Liga Arab Minta Bantuan Rusia untuk Akhiri Perang di Gaza, Pengaruh AS Mulai Rontok
Raja Bahrain Hamad bin Isa Al Khalifa menyebut saat ini Liga Arab bersatu guna membantu mengakhiri perang di Jalur Gaza.
Penulis: Febri Prasetyo
Editor: Nuryanti
TRIBUNNEWS.COM – Raja Bahrain Hamad bin Isa Al Khalifa menyebut saat ini Liga Arab bersatu guna membantu mengakhiri perang di Jalur Gaza.
Dalam pernyataannya pada Kamis (23/5/2024), Al Khalifa berujar konferensi perdamaian harus diselenggarakan.
Dia mengatakan Rusia adalah negara pertama yang diminta oleh Liga Arab untuk menyokong inisiatif konferensi itu.
Tak hanya itu, dia mengklaim Rusia adalah “negara paling berpengaruh di panggung internasional”.
Sputnik menyebut keputusan Liga Arab untuk meminta bantuan Rusia itu menunjukkan bahwa pengaruh Amerika Serikat (AS) mulai memudar.
AS sendiri sudah lama memandang dirinya sebagai satu-satunya negara yang mampu menjadi mediator dalam konflik Israel-Palestina.
“Saat konferensi tingkat tinggi Arab di Bahrain, situasi di Jalur Gaza dibahas, dan kami ingin perang dihentikan,” kata Al Khalifa dikutip dari Sputnik.
“Ada kesepakatan bulat di antara negara-negara Arab mengenai keharusan untuk menyelenggarakan konferensi perdamaian untuk memecahkan masalah Timur Tengah itu."
"Rusia adalah negara pertama yang kami tuju untuk meminta dukungan penyelenggaraan karena Rusia adalah negara paling berpengaruh di panggung internasional," jelasnya.
Seorang sutradara film dokumenter asal AS bernama Regis Tremblay menyebut keputusan Liga Arab itu merupakan suatu sinyal penting.
“Yang paling penting menurut sudut pandang saya ialah bahwa mereka beralih kepada Rusia agar menjadi mediator dalam mengakhiri konflik ini,” ujar Tremblay.
Baca juga: Rusia Pamer Kekuatan, Putin akan Bahas Latihan Nuklir Fase 2 dengan Belarusia
“Pernyataan luar biasa yang dibuat oleh Liga Arab terhadap sugar daddy mereka, Amerika Serikat, selama bertahun-tahun ini.”
AS dan Barat disebut memainkan peran yang berlebihan dalam membentuk kawasan itu selama bertahun-tahun.
Kedua entitas itu menjadi broker dalam perundingan Mesir-Yordania dengan Israel dalam normalisasi hubungan.
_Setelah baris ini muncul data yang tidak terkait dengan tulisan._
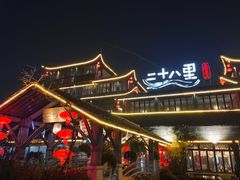 -二十八里太湖船菜(吉祥路店)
Namun, hanya ada sedikit kemajuan sejak tahun 1994.
“(Negara-negara Arab) menyadari bahwa tidak ada kemajuan apa pun. Bahwa ini adalah tindakan dua muka dan dusta selama bertahun-tahun ini,” kata Tremblay.
“Dan kini beralih kepada Rusia sebagai mediator. Bagi Rusia, ini besar sekali, tidak hanya bagi prestis dan reputasi internasionalnya, tetapi bagi pengaruh langsungnya di Timur Tengah. Sangat besar.”
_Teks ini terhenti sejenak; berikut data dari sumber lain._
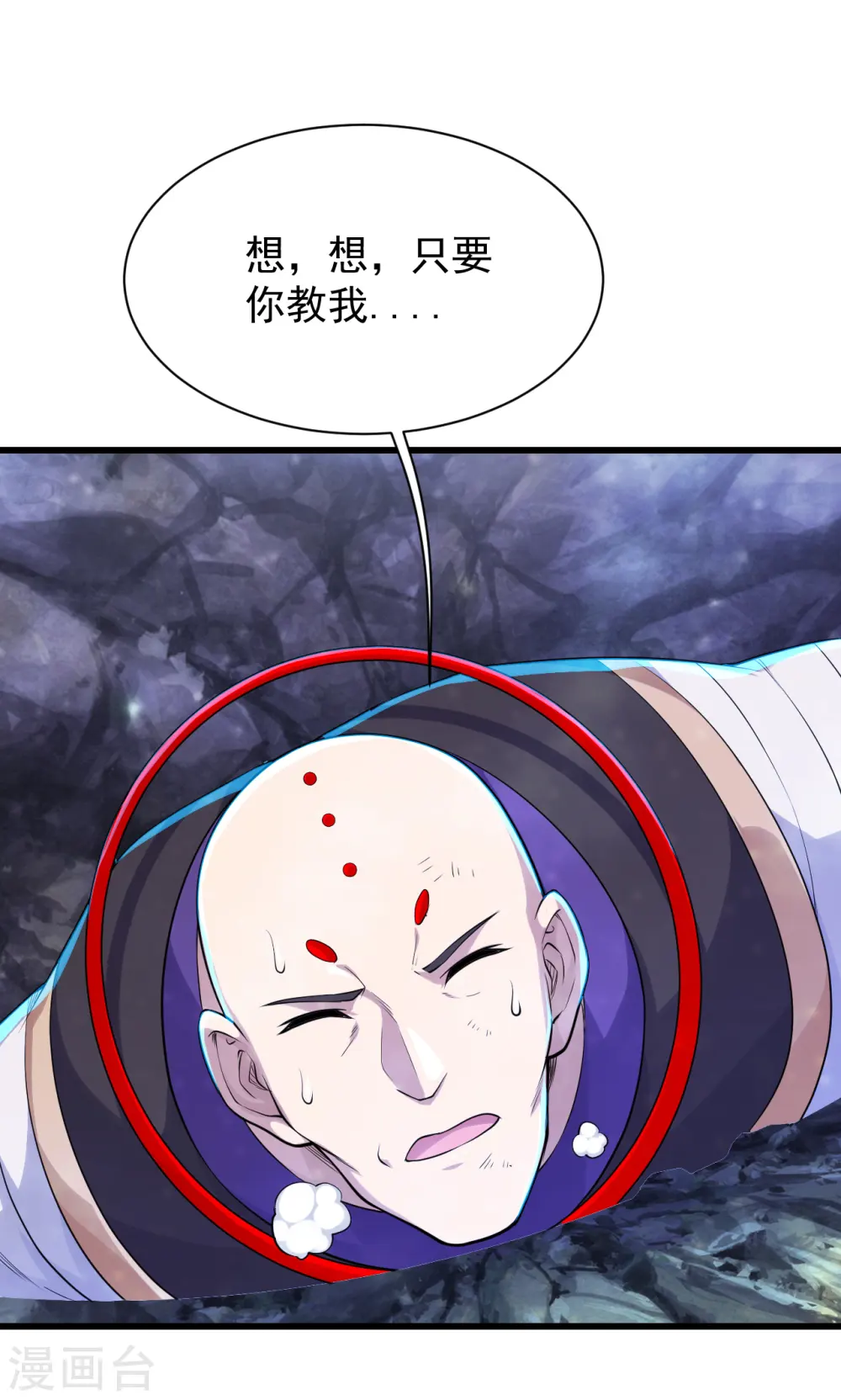 第160话 怪异的森林！ 第17页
Adapun pada bulan November tahun lalu Arab Saudi menandatangi pertukaran mata uang senilai $7 miliar dengan Tiongkok.
Hal itu makin mendekatkan hubungan kedua negara tersebut serta menjadi langkah penting ke arah penjualan minyak yang dibayar dengan mata uang renminbi Tiongkok.
Tahun lalu Arab Saudi menyambung kembali hubungan diplomatiknya dengan Iran setelah selama tujuh tahun menegang.
Selain itu, Al Khalifa meminta adanya normalisasi hubungan dengan Iran. Hal itu menjadi tanda memudarnya pengaruh AS di Timur Tengah.
“Kita dulu punya masalah dengan Iran, tetapi kini hampir tidak ada. Tidak ada alasan untuk menunda normalisasi hubungan dengan Iran,” ucap Al Khalifa.
Adapun Liga Arab adalah organisasi yang dibentuk tahun 1945 dan kini memiliki anggota sebanyak 22 negara yang terdiri atas negara Timur Tengah dan negara Afrika.
Dua di antaranya adalah Yordania dan Mesir yang dianggap “ramah” kepada Israel.
Sementara itu, Arab Saudi dilaporkan sempat membahas upaya normalisasi hubungan dengan Israel sebelum perang di Jalur Gaza pecah.